We made St. Nick seem much more fun than the other Santa. The girls (now 8 and 5) made St. Nicholas cookies. They put their shoes in front of their bedroom door on the night of the 5th so that St. Nicholas could fill them with candy and gum. We drew each other's names out of a bowl and for a week did secret good deeds for each other.

I thought that the candy in the shoes would be the hit of the festivities, but the secret good deeds were far and away the favorite. Andrea raced to make Katie's bed in the morning while Katie brushed her hair; Katie left a skull ring Andrea had been coveting on her pillow.

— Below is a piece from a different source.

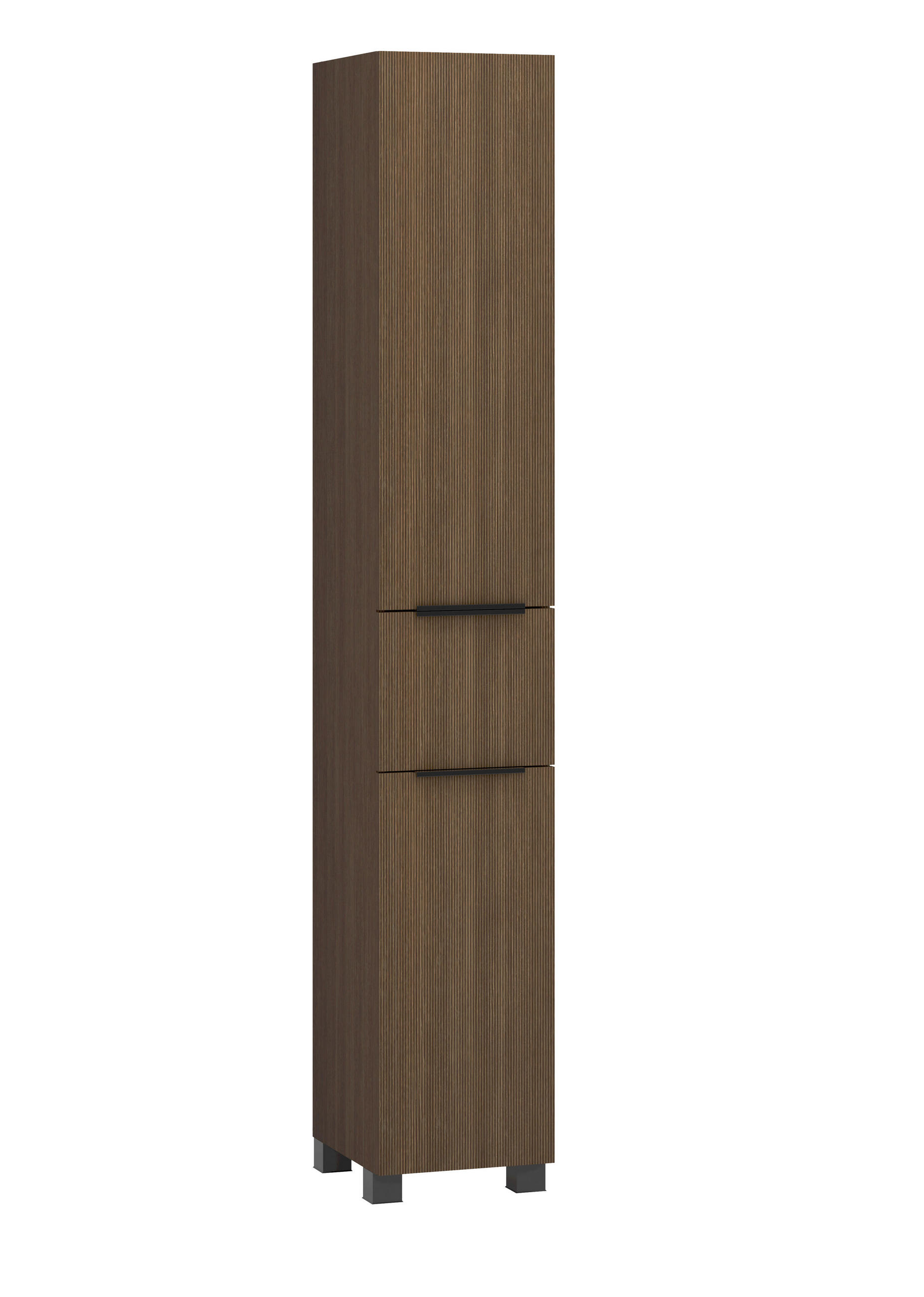 HOCHSCHRANK 30/180/35 cm  - Dunkelbraun/Schwarz, Natur, Holzwerkstoff/Kunststoff (30/180/35cm) - Held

My husband and I got into it just as much as the kids. He pretended not to hear me dragging the garbage cans to the curb at 11 p.m., and I feigned sleep while he did the laundry at 6 a.m.

We're continuing to observe our usual rituals of tree-buying and decorating, putting those fake candles in the windows and a real wreath on the front door, making mounds of technicolor, sprinkle-encrusted cookies that the kids want preserved untouched (no problem).

But as casually as possible, we've been talking with the girls about Santa. We've used the opportunity to do some gentle re-education, emphasizing that no one out there is watching them and keeping a list of the good, the bad and the snuggly.

If we can continue to nudge Santa out of the limelight, Christ's birthday will, I hope, be more like Easter, his second birth, where everyone starts with a clean slate, and the goodies are handed out regardless of one's track record -- by a magical rabbit, of course.


By Elizabeth Bobrick

Elizabeth Bobrick is a visiting scholar in the Department of Classical Studies at Wesleyan University. She writes This Won’t End Well: On Loving Greek Tragedy, on Substack.